Low Down, A. J. Albany
John O’Neill (jjron)

Depuis les caniveaux, les escaliers de secours et les toits des hôtels, Amy Jo dessine sa propre topographie d’Hollywood Boulevard, de Vine Street à North Western Avenue. Le St Francis Hotel où crèchent régulièrement Joe Albany et sa fille est celui où James Earl Ray a prémédité l’assassinat de Martin Luther King sous le pseudonyme d’Elias Galt, et la vieille Jane’s House qui effraie la fillette a vu grandir les enfants de Charlie Chaplin. La forme d’une ville change plus vite, on le sait, que le cœur d’un mortel, et la poésie urbaine qui se dégage de l’artère mythique déjà en pleine décrépitude empreint le livre d’un relent de beauté déliquescente éclairée au néon. « Aujourd’hui, tout est plus mort qu’un cadavre dont la tête s’est fait défoncer à coups de gourdin, pour faire bonne mesure. Chaque nouvelle statue de pacotille peinte à la bombe dorée porte un nouveau coup à la tête du cadavre. » On ressort de Low Down ravi et ébouriffé, du be-bop dans les oreilles, L.A. dans la peau, et conquis par la fougue du Nouvel Attila, l’éditeur qui met du sang dans son vin.

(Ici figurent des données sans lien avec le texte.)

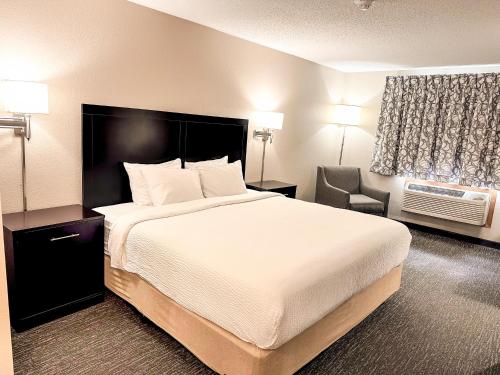 Lanesboro的住宿－Country Trails Inn &Suites，酒店客房带一张大床和一把椅子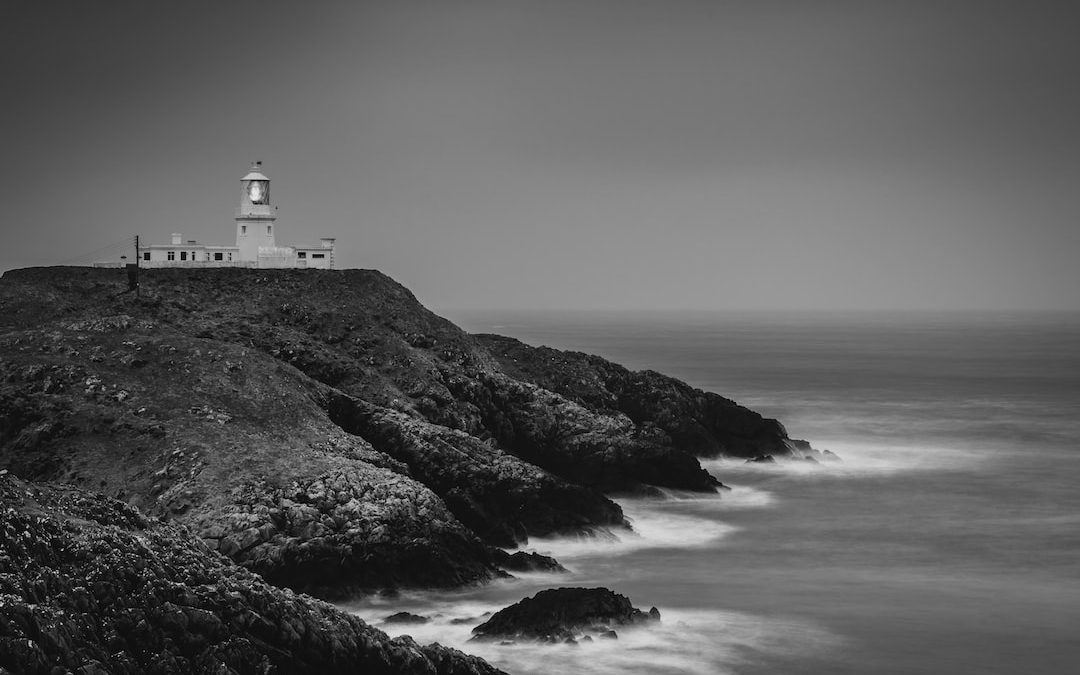 a black and white photo of a lighthouse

Pour finir, attirons l’attention sur la « maquette des plus chaloupées » créée par le graphiste Sylvain Lamy qui sévissait aussi il y a peu aux éditions Cambourakis, et que l’on retrouve maintenant dans l’équipe de 3oeil, atelier de création graphique.

Low Down, A.J. Albany, traduit de l’anglais (Etats-Unis) par Clélia Laventure, éd. Le Nouvel Attila, 2015.